The papers unearthed the key discovery

According to the statement by ICR, the papers represent a “fundamental advance” in the world’s understanding of cancer. The studies explain why DNA tests can be unreliable when it comes to cancer’s response to treatment. It can now help doctors to customize treatments for patients in a better manner.

“We have for the first time been able to map epigenetic changes alongside the accumulation of DNA mutations as a colorectal tumor evolves. This provides exciting opportunities to create new treatments for cancer that don’t target the effects of DNA mutations, but instead the epigenetic changes which determine how genes are read,” said Professor Andrea Sottoriva, Head of the Computational Biology Research Centre at Human Technopole in Milan, who co-led the research.

Professor Kristian Helin, Chief Executive of the ICR, London, and a world leader in the study of epigenetics, said that the research opens exciting future opportunities to examine cancer employing “both genetic and epigenetic tests, and eventually to treat cancer with epigenetic-directed drugs.”

Abstract (The co-evolution of the genome and epigenome in colorectal cancer)

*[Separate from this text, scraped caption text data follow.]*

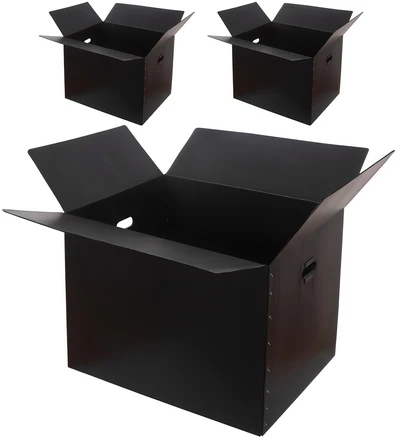 코멧 두꺼운 이사박스 3T 5호~7호 3개입, 블랙, 3개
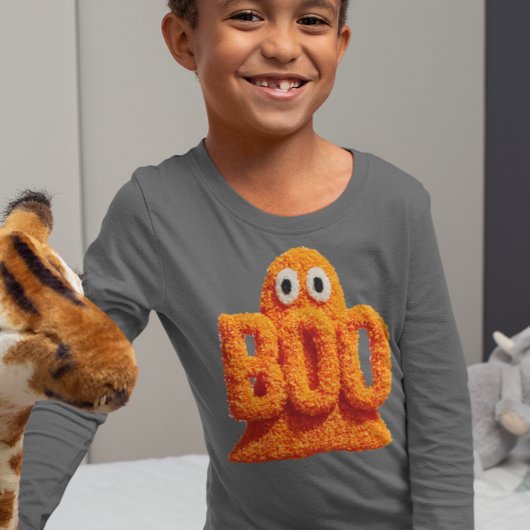 Schattig spook boo harige Halloween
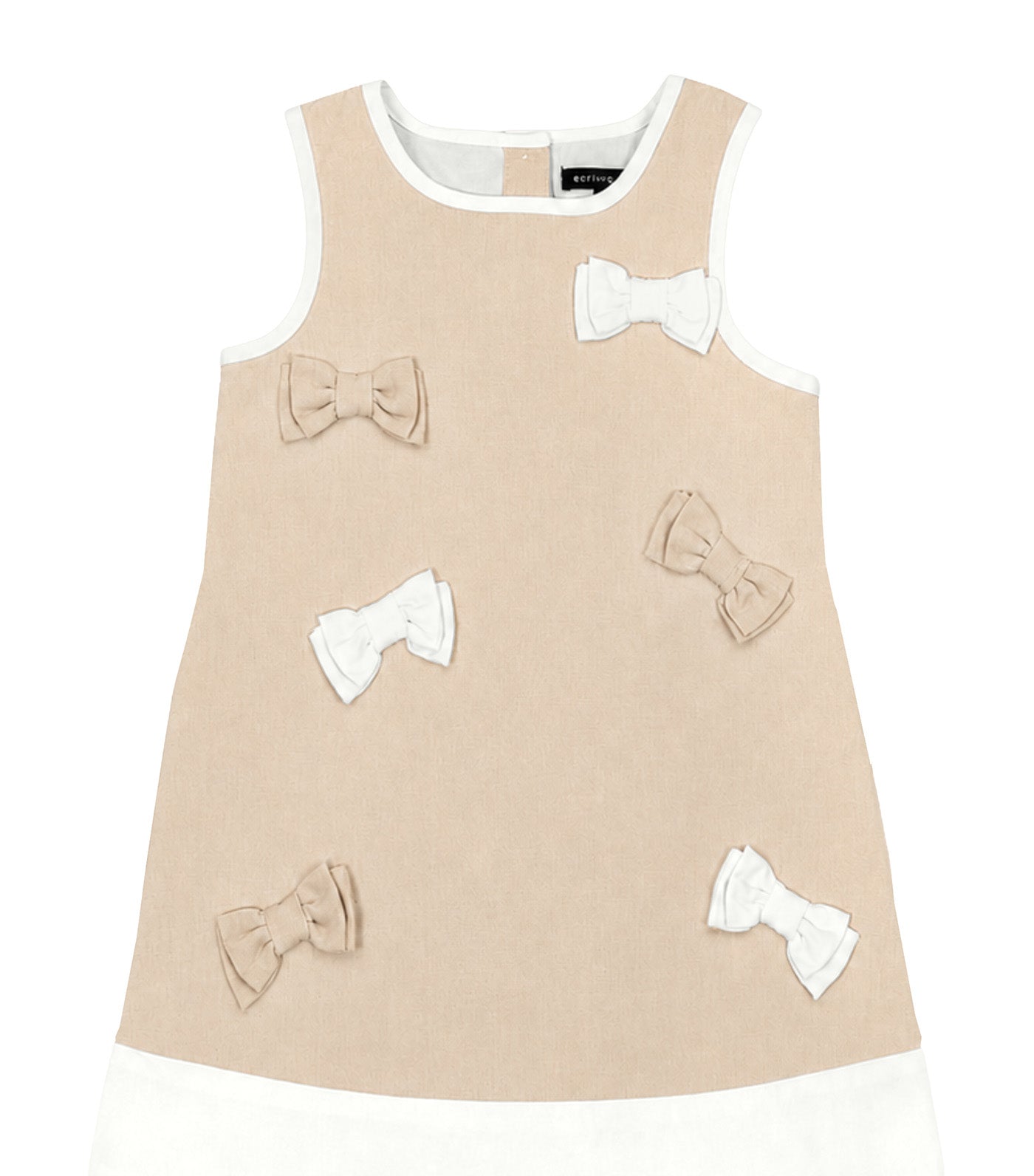 Addison Girls Shift Dress Beige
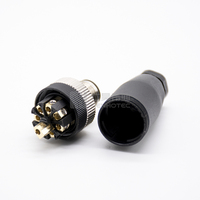 Conectores Hembra M12 de 5 Pines, Cable de Sensor, Conector Circular M8 M12 M16, Impermeable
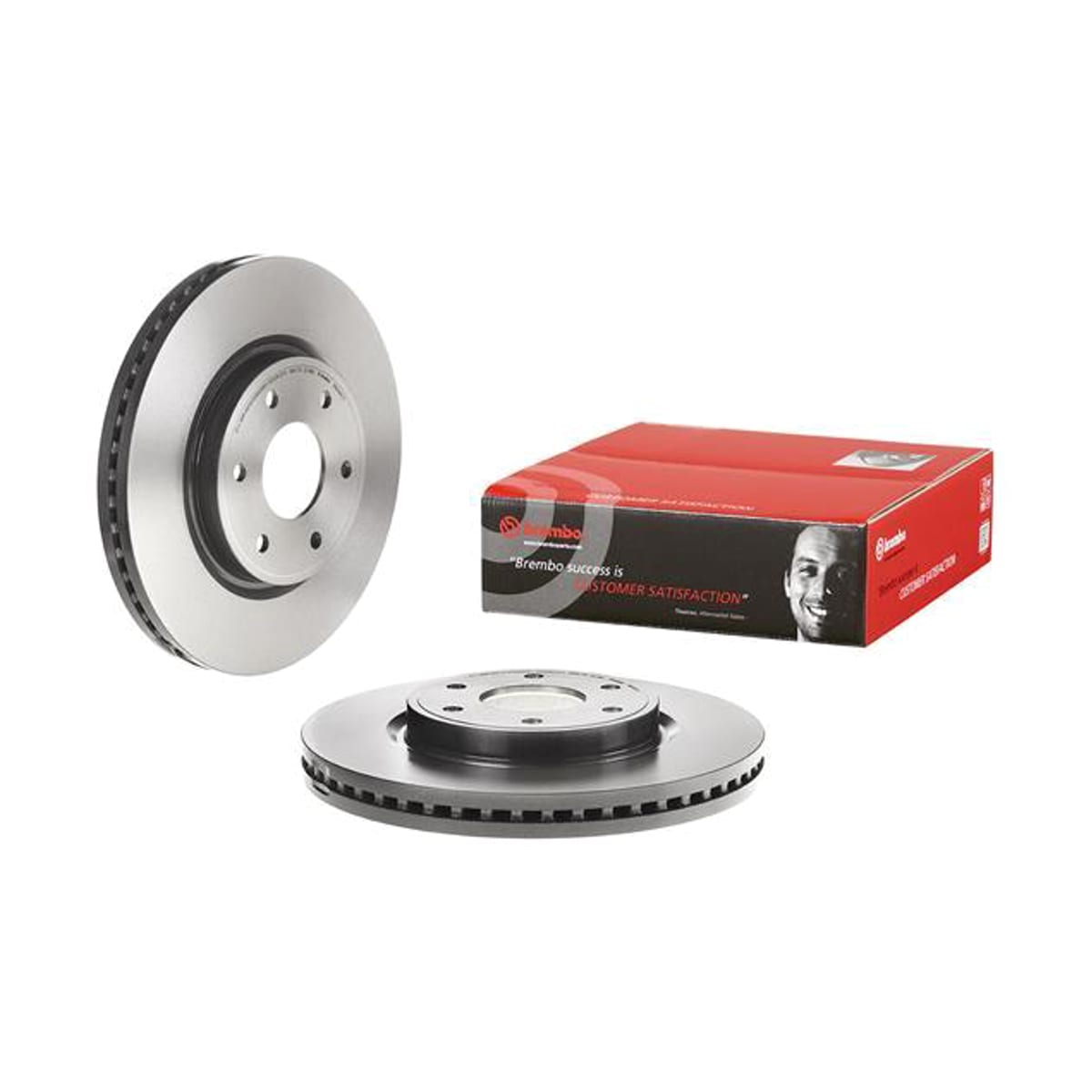 BREMBO Диск тормозной UV Coated 09B54511 (перед)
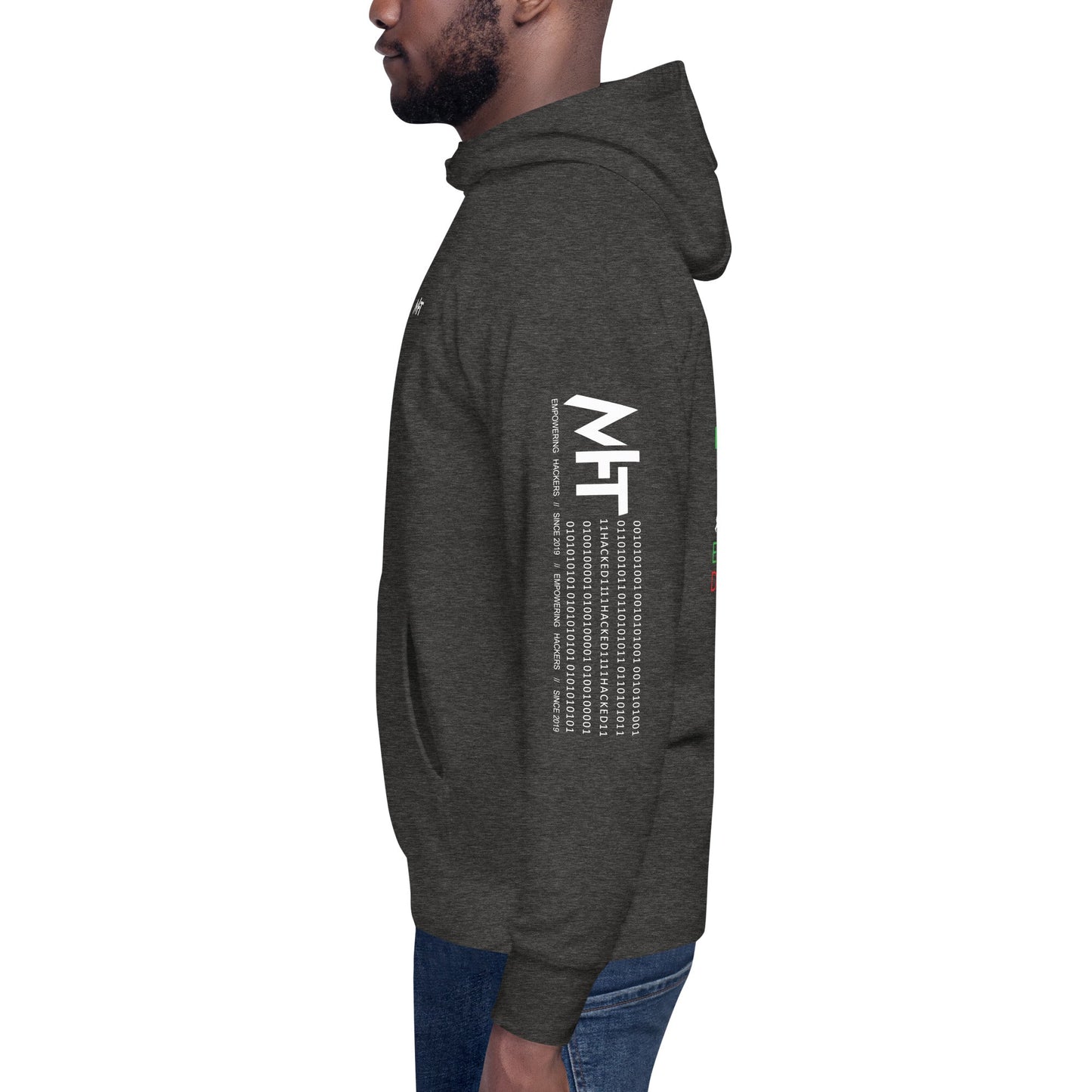 Evolution of the Diamond-handed Ape - Unisex Hoodie ( Back Print ) by DarkByteGear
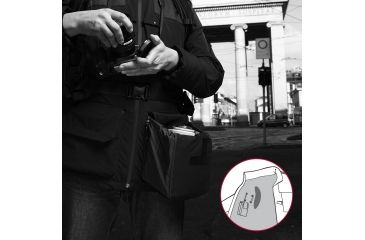 Image of Manfrotto Male Lino Pro Field Jacket Weight Distribution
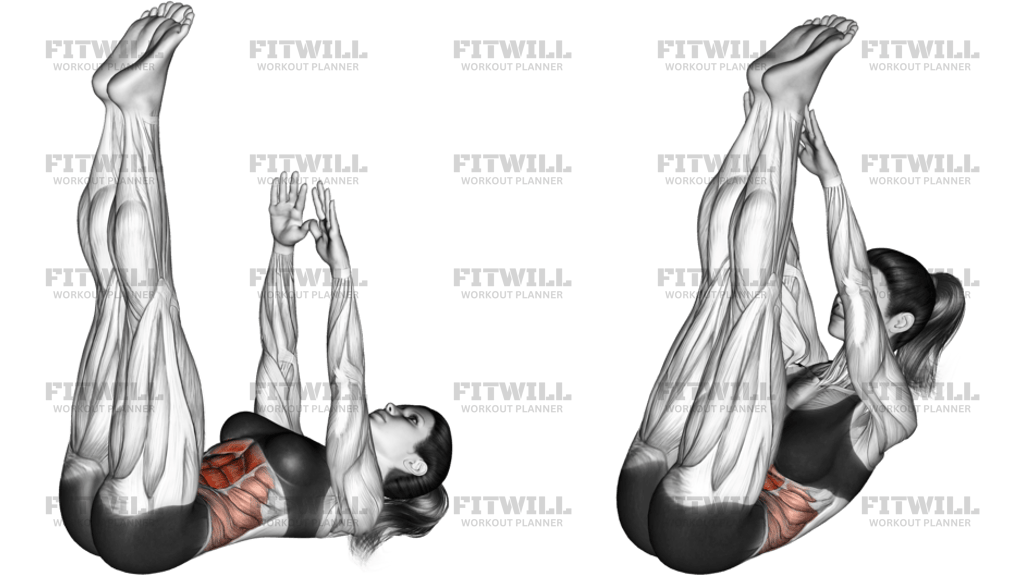 Abdominal Com Pernas Estendidas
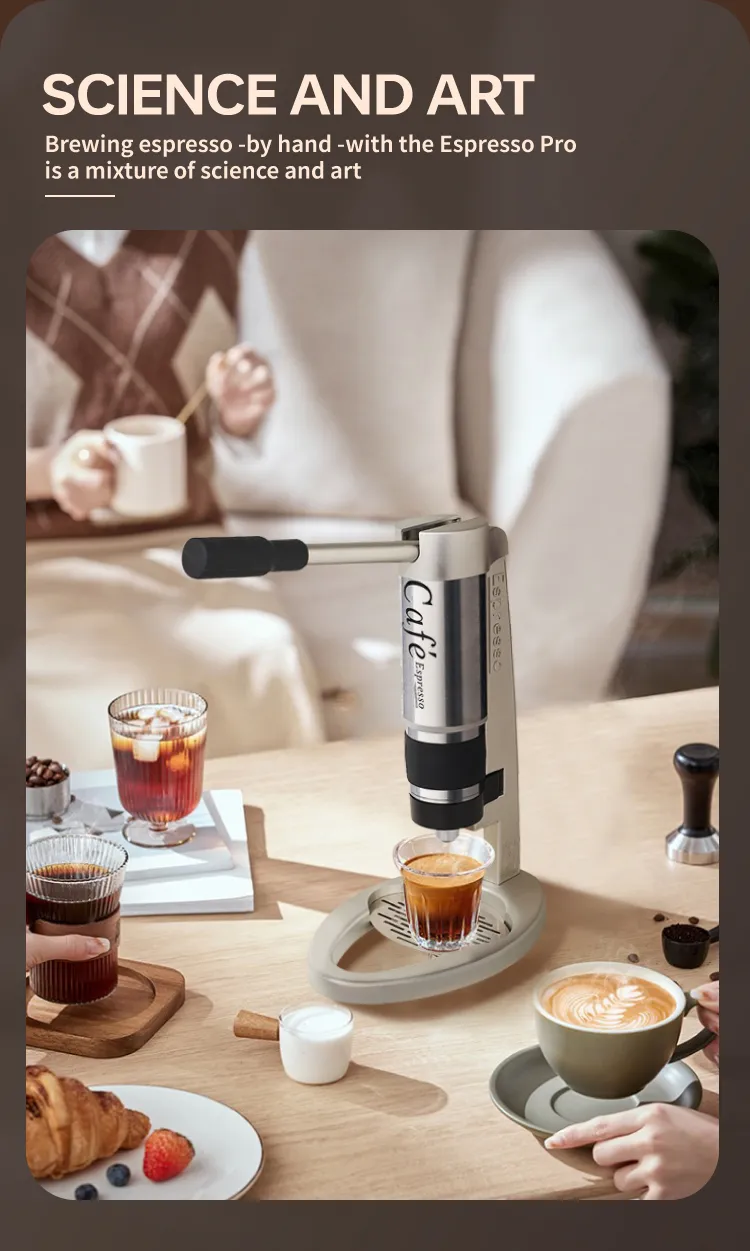 304 Stainless Steel Portable Hand Coffee Espresso Maker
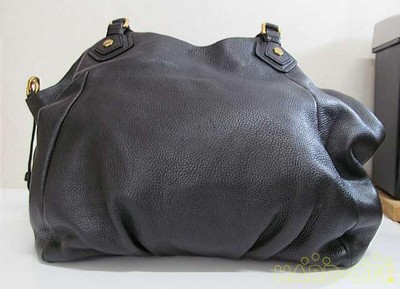 Marc Jacobs Vintage Y2K Hand bag Black Leather Shoulder Bag Used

Colorectal malignancies are a leading cause of cancer-related death1 and have undergone extensive genomic study2,3. However, DNA mutations alone do not fully explain malignant transformation4,5,6,7. Here we investigate the co-evolution of the genome and epigenome of colorectal tumours at single-clone resolution using spatial multi-omic profiling of individual glands. We collected 1,370 samples from 30 primary cancers and 8 concomitant adenomas and generated 1,207 chromatin accessibility profiles, 527 whole genomes and 297 whole transcriptomes. We found positive selection for DNA mutations in chromatin modifier genes and recurrent somatic chromatin accessibility alterations, including in regulatory regions of cancer driver genes that were otherwise devoid of genetic mutations. Genome-wide alterations in accessibility for transcription factor binding involved CTCF, downregulation of interferon and increased accessibility for SOX and HOX transcription factor families, suggesting the involvement of developmental genes during tumourigenesis. Somatic chromatin accessibility alterations were heritable and distinguished adenomas from cancers. Mutational signature analysis showed that the epigenome in turn influences the accumulation of DNA mutations. This study provides a map of genetic and epigenetic tumour heterogeneity, with fundamental implications for understanding colorectal cancer biology.

Study Abstract (Phenotypic plasticity and genetic control in colorectal cancer evolution)

Genetic and epigenetic variation, together with transcriptional plasticity, contribute to intratumour heterogeneity1. The interplay of these biological processes and their respective contributions to tumour evolution remain unknown. Here we show that intratumour genetic ancestry only infrequently affects gene expression traits and subclonal evolution in colorectal cancer (CRC). Using spatially resolved paired whole-genome and transcriptome sequencing, we find that the majority of intratumour variation in gene expression is not strongly heritable but rather ‘plastic’. Somatic expression quantitative trait loci analysis identified a number of putative genetic controls of expression by cis-acting coding and non-coding mutations, the majority of which were clonal within a tumour, alongside frequent structural alterations. Consistently, computational inference on the spatial patterning of tumour phylogenies finds that a considerable proportion of CRCs did not show evidence of subclonal selection, with only a subset of putative genetic drivers associated with subclone expansions. Spatial intermixing of clones is common, with some tumours growing exponentially and others only at the periphery. Together, our data suggest that most genetic intratumour variation in CRC has no major phenotypic consequence and that transcriptional plasticity is, instead, widespread within a tumour.